Lesser-known lesbian pioneers who reshaped queer history

Explore five often-overlooked lesbian pioneers who built community, created media and pushed for political recognition

The history of the LGBTQIA+ movement is full of stories that never made mainstream textbooks. Many acts of resistance happened in private rooms, typed newsletters and small community meetings. These efforts were not accidental: they were deliberate strategies to protect people and make connections. In what follows, we highlight five women and couples whose organizing, publishing and advocacy left durable traces. Each entry emphasizes how everyday courage—forming a group, printing a magazine, documenting protests, creating schools—became a foundation for broader social change. The names may be unfamiliar, but their legacies are woven into the institutions and rights many assume were always present. The hidden archive of queer organizing matters for understanding the present.

Organizers and community builders

In 1955 Phyllis Lyon and Del Martin helped create the Daughters of Bilitis, the first formal lesbian organization in the United States, at a moment when same-sex relationships were criminalised and deeply stigmatised. What started as a private support network soon evolved into a vehicle for advocacy and mutual aid. Lyon and Martin also launched The Ladder, a national publication that made lesbian lives visible at a time when mainstream media erased them. Their long partnership became a symbol of endurance; after decades of activism they were among the earliest same-sex couples to marry in San Francisco in 2004 and again legally in 2008. The DOB model shows how collective infrastructure—clubs, newsletters, meetings—translates into political power.

Early publications and underground media

Publishing provided a lifeline for people excluded from public life. Edythe Eyde, who used the penname Lisa Ben (an anagram of “lesbian”), produced what many regard as the first lesbian zine, Vice Versa, in 1947. Typed and circulated by hand, it included stories, poems and commentary that quietly affirmed lesbian identity when open discussion could be dangerous. Similarly, small-run magazines like The Ladder connected readers across cities and decades, proving that media can be both refuge and organizing tool. These publications also inspired later waves of queer press; their DIY approach remains a model for creators who value community-controlled storytelling.

Visibility and protest

Barbara Gittings and Kay Lahusen helped turn cautious homophile-era politics into more visible protest. Gittings, who served as editor of The Ladder, pushed for direct engagement with public institutions, while Lahusen, recognized as the first openly lesbian photojournalist in the United States, recorded demonstrations and leaders with an insider’s eye. Their partnership bridged the quieter pre-Stonewall period and the more confrontational activism that followed, using both text and image to demand recognition. Their campaign work demonstrates how visibility politics—the deliberate refusal to be invisible—functions as both strategy and identity formation. Gittings died in 2007, aged 74; Lahusen passed in 2026, aged 91, leaving a substantial visual archive.

From protest to policy

Jean O’Leary moved from grassroots activism to sustained engagement with national institutions. After leaving a convent in the late 1960s and embracing her sexuality, she co-founded Lesbian Feminist Liberation in 1972 and later served as co-executive director of the National Gay Task Force. One of O’Leary’s most consequential acts was organizing the first delegation of lesbian and gay activists to meet White House officials in 1977, a clear instance of bringing queer concerns into formal political channels. She also helped launch National Coming Out Day in 1988. Her record shows the complex tension between grassroots critique and institutional negotiation—an ongoing dynamic in social movements and a key element of visibility politics.

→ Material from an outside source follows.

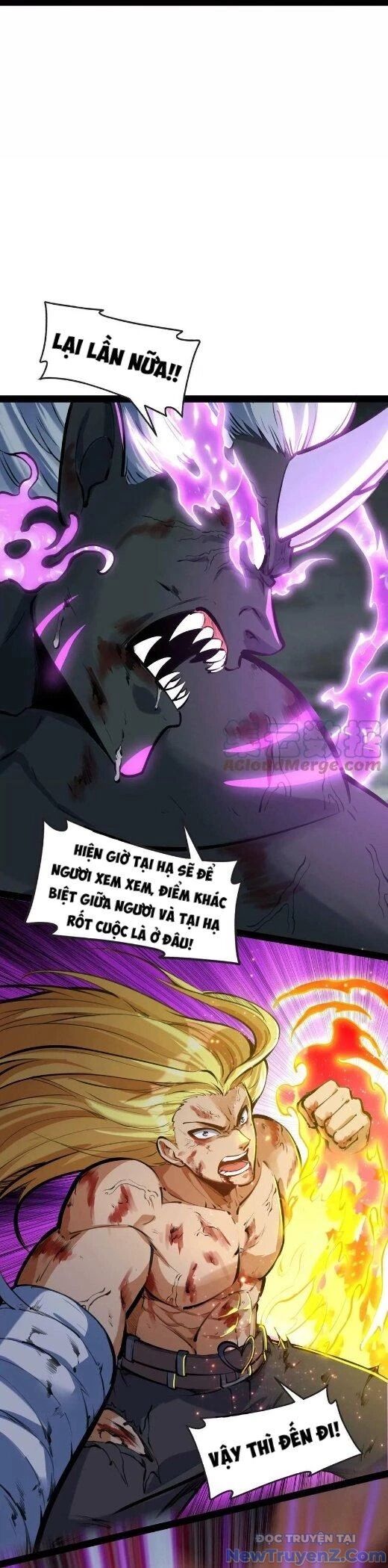Đánh Bại Chư Thiên Chap 156 - Next Chap 157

Youth advocacy and enduring impact

Dr Joyce Hunter’s life story moves from personal hardship to institutional innovation. Born in 1939, Hunter endured a fractured childhood and later became an active participant in lesbian feminist organizing in the 1970s. After surviving a violent anti-gay attack in 1975 that left her seriously injured, she redirected her energies toward creating safer environments for young people. Hunter co-founded the Hetrick-Martin Institute and played a central role in establishing the Harvey Milk High School in New York, pioneering spaces where LGBTQ youth could learn without fear. Her work illustrates how individual trauma can catalyze lasting, structural responses—turning personal survival into public service and demonstrating the power of targeted educational programs and youth-centered advocacy.

These five entries are snapshots of different approaches—organizing, documenting, publishing, lobbying and institution-building—that together formed the backbone of modern queer life. Remembering figures like Phyllis Lyon, Del Martin, Edythe Eyde, Barbara Gittings, Kay Lahusen, Jean O’Leary and Dr Joyce Hunter helps us see the variety of tactics activists used to create safety, representation and rights. Their efforts remind us that public change often grows from private acts of care, and that the infrastructures they built—clubs, zines, archives and schools—continue to support new generations of activists and creators. The hidden history is central to understanding how far movements have come and what remains to be done.